---- Data for processing
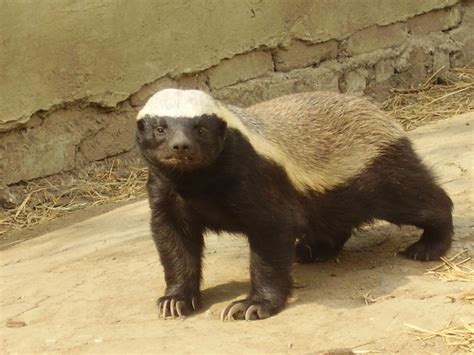 Honey Badger Wallpaper - WallpaperSafari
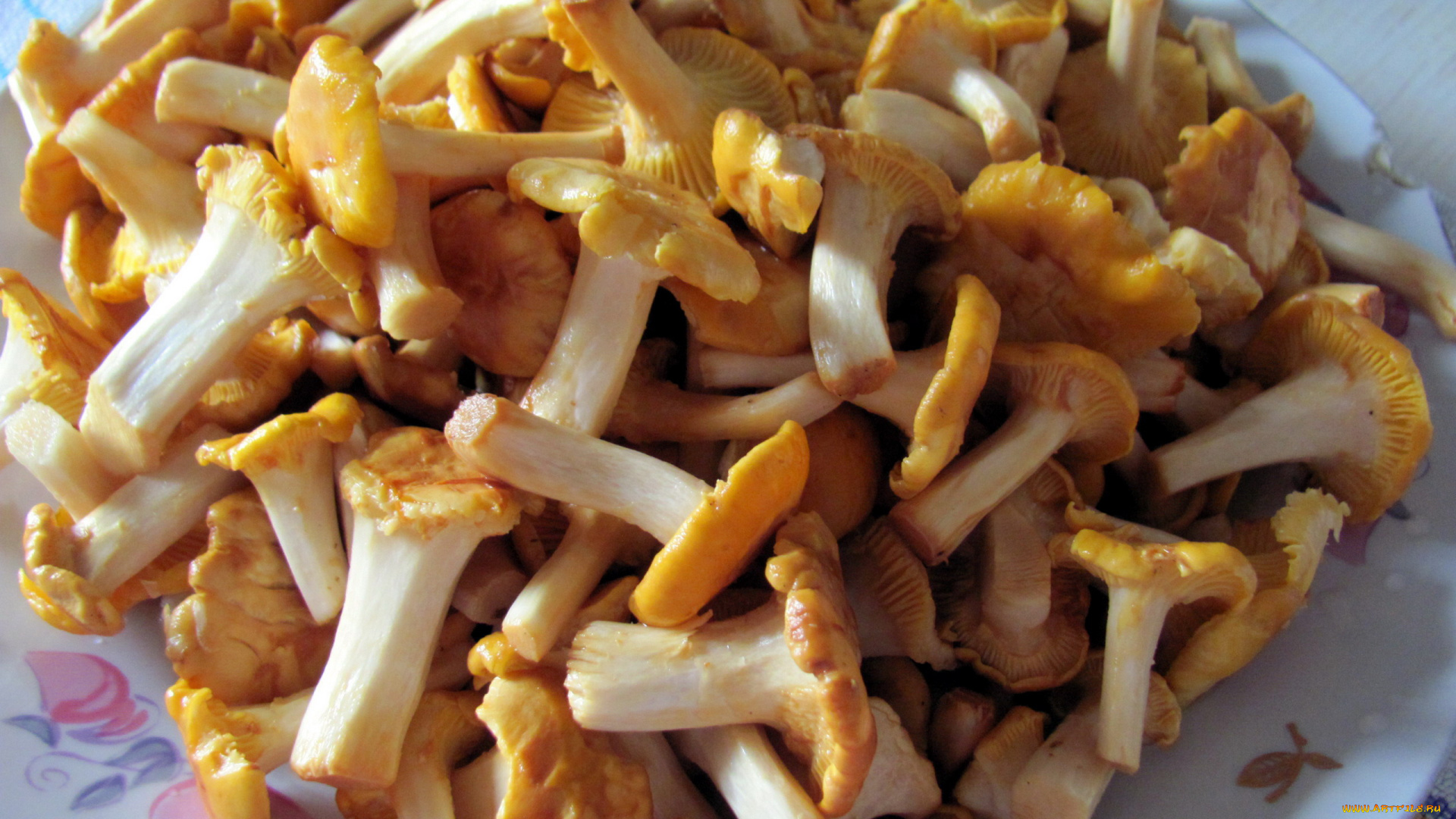 еда, грибы, , грибные, блюда, лисички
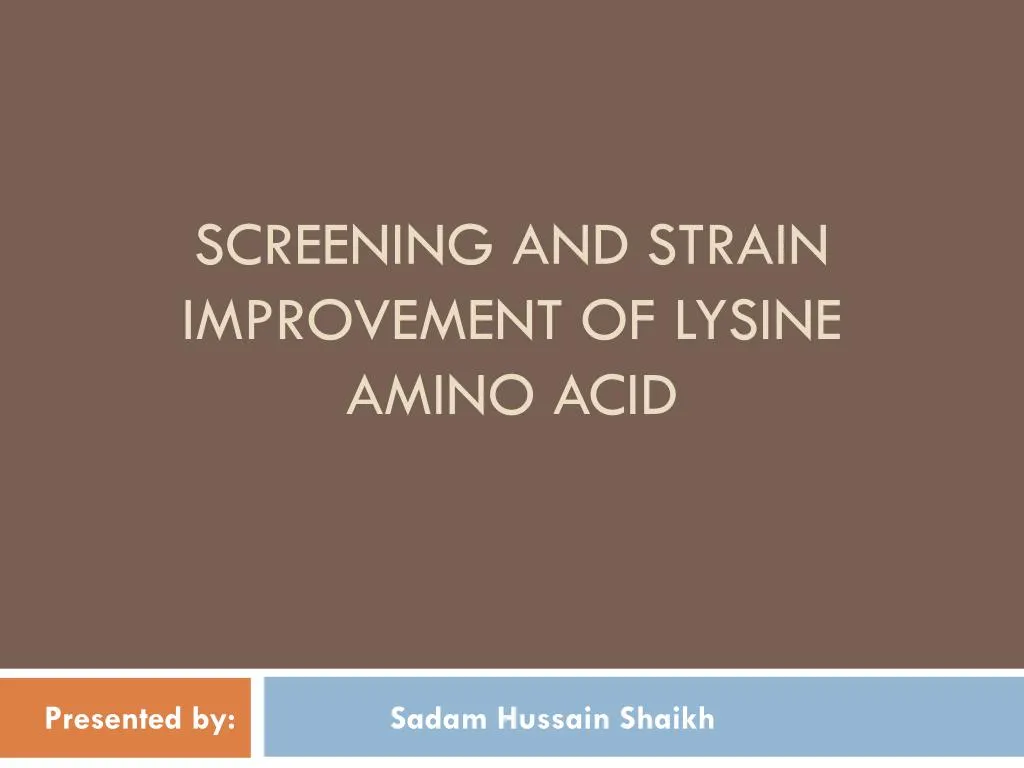 screening and strain improvement of lysine amino acid n.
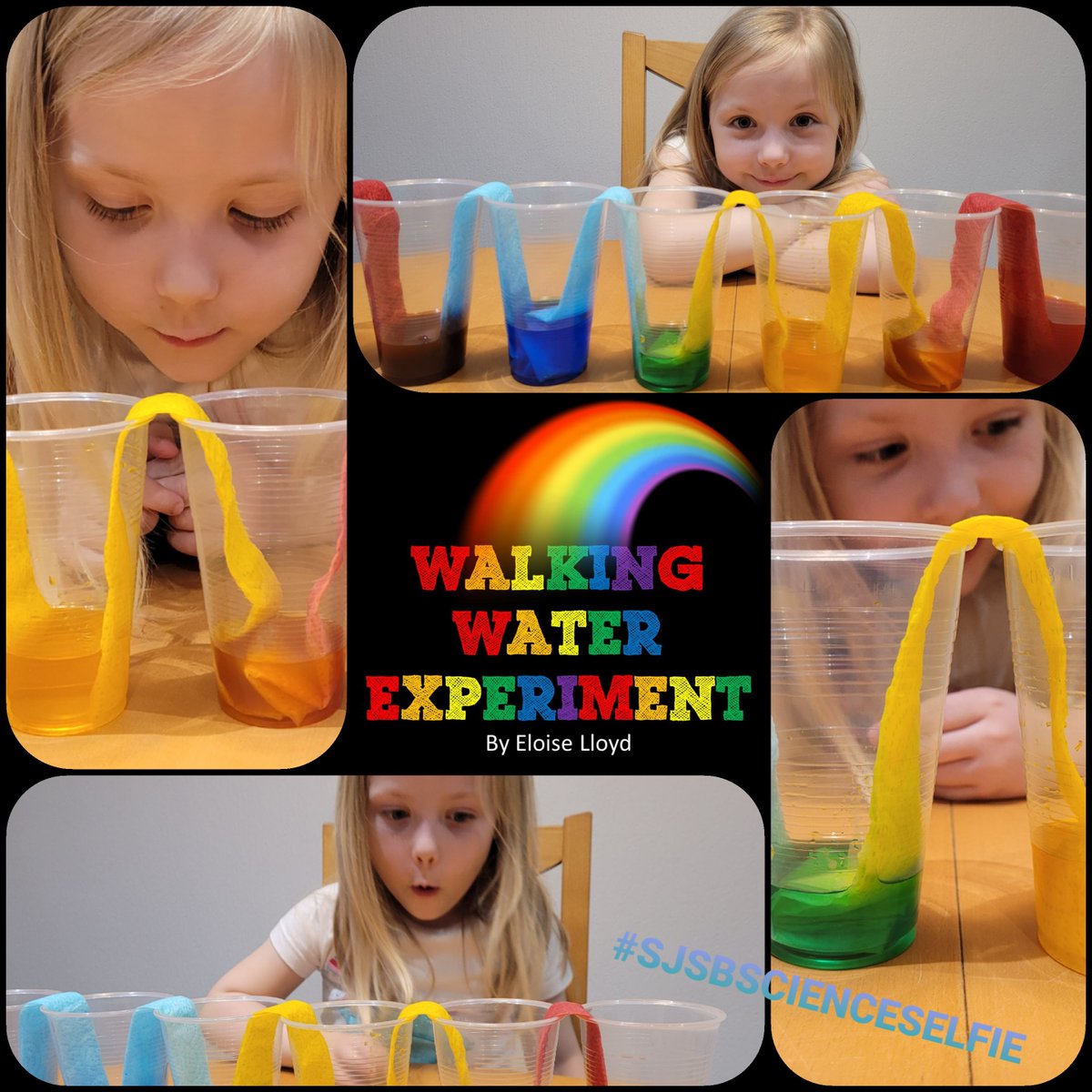 J81oz's tweet photo. https://t.co/orrVexeg9t Eloise's last minute entry in the 2021 Science Week Competition #SJSBScienceSelfie
@whalley_mr @MissO_Neill @kazyriley https://t.co/o8J0JWQbXj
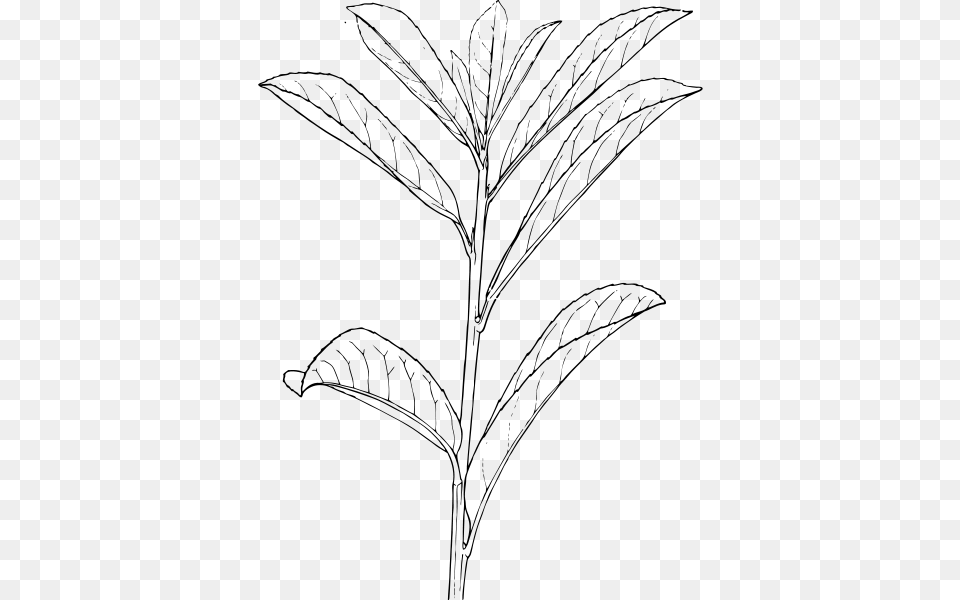 Laurel Clipart Shrub Plants Drawing, Gray Png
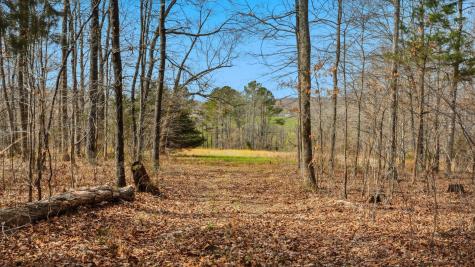 0 Herman Adams Road Cumberland City TN 37050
--------
--- Prompt ---
Please give all of the material again, exactly, without the images.

--- Problem solution ---
 Honey Badger Wallpaper - WallpaperSafari
 еда, грибы, , грибные, блюда, лисички
 screening and strain improvement of lysine amino acid n.
 J81oz's tweet photo. https://t.co/orrVexeg9t Eloise's last minute entry in the 2021 Science Week Competition #SJSBScienceSelfie
@whalley_mr @MissO_Neill @kazyriley https://t.co/o8J0JWQbXj
 Laurel Clipart Shrub Plants Drawing, Gray Png
 0 Herman Adams Road Cumberland City TN 37050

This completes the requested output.